Oh wait! There was this really dreadul monster movie I saw once, with partners in crime Mark and Steve. We were flipping channels on TV one night, and I will be forever grateful for the fact that we stumbled across Reptilicus
, which I can only describe as Godzilla on a budget. Er, yeah. It's basically about a monster that bears a kind of resemblance to the Japanese lizard, except that instead of being electrifying and breathing fire (wait, did Godzilla breathe fire? I forget), Reptilicus...well, I'm sure this isn't what the filmmaker intended, but it looks like he vomits on people. Green cartoon slime came out of his mouth as he stomped through the towns, which looked rather like King Friday's papier-mache kingdom on "Mr. Roger's Neighborhood." Also, instead of Japan, the movie takes place in some Netherlandish location.
But no, I think the Star Wars Holiday Special
is actually worse than Reptilicus
. At least the monster movie had a fairly coherent story and plot outline--monster terrorizes Denmark, people try to kill it, monster spits or vomits its green slime on people, chaos ensues for awhile, the monster is vanquished, and people are happy again in their Lego-like village. I mean, that's a story we can all understand and appreciate, if not entirely relate to.

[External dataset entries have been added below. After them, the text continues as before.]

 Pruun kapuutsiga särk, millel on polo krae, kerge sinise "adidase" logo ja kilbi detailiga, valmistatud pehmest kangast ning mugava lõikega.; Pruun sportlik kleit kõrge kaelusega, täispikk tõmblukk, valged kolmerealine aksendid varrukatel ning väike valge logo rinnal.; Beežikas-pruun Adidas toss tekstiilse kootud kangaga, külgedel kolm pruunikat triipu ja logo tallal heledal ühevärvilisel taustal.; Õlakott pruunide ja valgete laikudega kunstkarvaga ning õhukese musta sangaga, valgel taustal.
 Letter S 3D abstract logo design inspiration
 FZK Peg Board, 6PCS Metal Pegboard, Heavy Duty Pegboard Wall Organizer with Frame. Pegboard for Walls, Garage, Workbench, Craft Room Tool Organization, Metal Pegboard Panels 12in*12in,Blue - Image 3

In the case of the Star Wars Holiday Special
, the word "coherent" was banned from the set, apparently considered in incredibly bad taste by whoever filmed it. It begins epically, with a deep-voiced voice-over guy mentioning the characters--Luke, Leia, Han, Chewie, and then introducing "Chewie's family," one of which (this is where I nearly fell off the couch) was actually named--LUMPY.
Another one was Itchy. And no, I am not making any of this up.

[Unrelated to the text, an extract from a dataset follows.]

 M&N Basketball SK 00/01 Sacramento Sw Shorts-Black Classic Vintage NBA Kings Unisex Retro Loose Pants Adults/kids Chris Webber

The opening scene could take the place of Chinese water torture; it has much the same effect. The viewer finds himself in the home of Chewie's sort of endearing, but not exactly English-speaking, family. After 20 minutes of listening to Wookie-speak (which, as you all know from watching the Star Wars
movies, consists solely of emitting strange, strangled growls and yells), the family becomes much less endearing and much more annoying. Subtitles might have helped, but then again, I doubt it.
During the opening, there is this one obscure and slightly disturbing (to me anyway) sequence where Chewbacca's son (or daughter--I guess Lumpy could be a girl name too), turns on some sort of holograph-machine-table-thing, and all these little people suddenly appear, dancing, kind of like fairies or something. Lumpy watches, enthralled, as the improbably-colored fairies do little gymnastic routines and make music in an effort that I am sure is meant to entertain, but, if my reaction is any gauge, actually repels the viewer (but still makes them laugh at the sheer, mind-numbing ridiculousness of the whole thing).
At some point it becomes "clear" (and I use that word in the loosest possible sense) that the family is concerned because Chewie, out on some mission somewhere, has not come home in spite of the fact that a holiday is rapidly approaching. It being the future and all, "Christmas" has apparently become a bit jejeune
, so that meant someone had to come up with a name for the holiday. Remember that whoever this someone was also came up with the names for Chewie's family--ahem, Lumpy, anyone? And once again we see that creativity did not abound in the scriptwriting department, as Luke assures the worried family that Chewbacca "hasn't missed a Life Day yet."
I'll never know for sure (mostly because I'm too lazy to find out), but I am fairly confident that whoever wrote this show never worked in Hollywood again ever, when it was done.
Other priceless moments include an appearance by the band Jefferson Starship inside a music box, and a very weird cartoon that introduces Boba Fett, who had my favorite line of the show: "You'll only get in the way. But if you must--come on."
Yeah, Boba Fett! You tell 'em!
I thought that perhaps the show was the result of someone (or many someones) doing too many drugs, but then I thought that people on drugs would probably have come up with something a lot more interesting. So perhaps the viewer
is supposed to be taking drugs when they watch it. I for one wouldn't have minded taking something for the pain, at least.
I couldn't make it through the whole thing, I confess. But I do think it is a must-see for any Star Wars
fan. In some sadistic sense, it will be worth it, I promise. (Laughter is only the best medicine til it kills you, but hey, there are worse ways to go.)
May the Force be with you--you'll need it.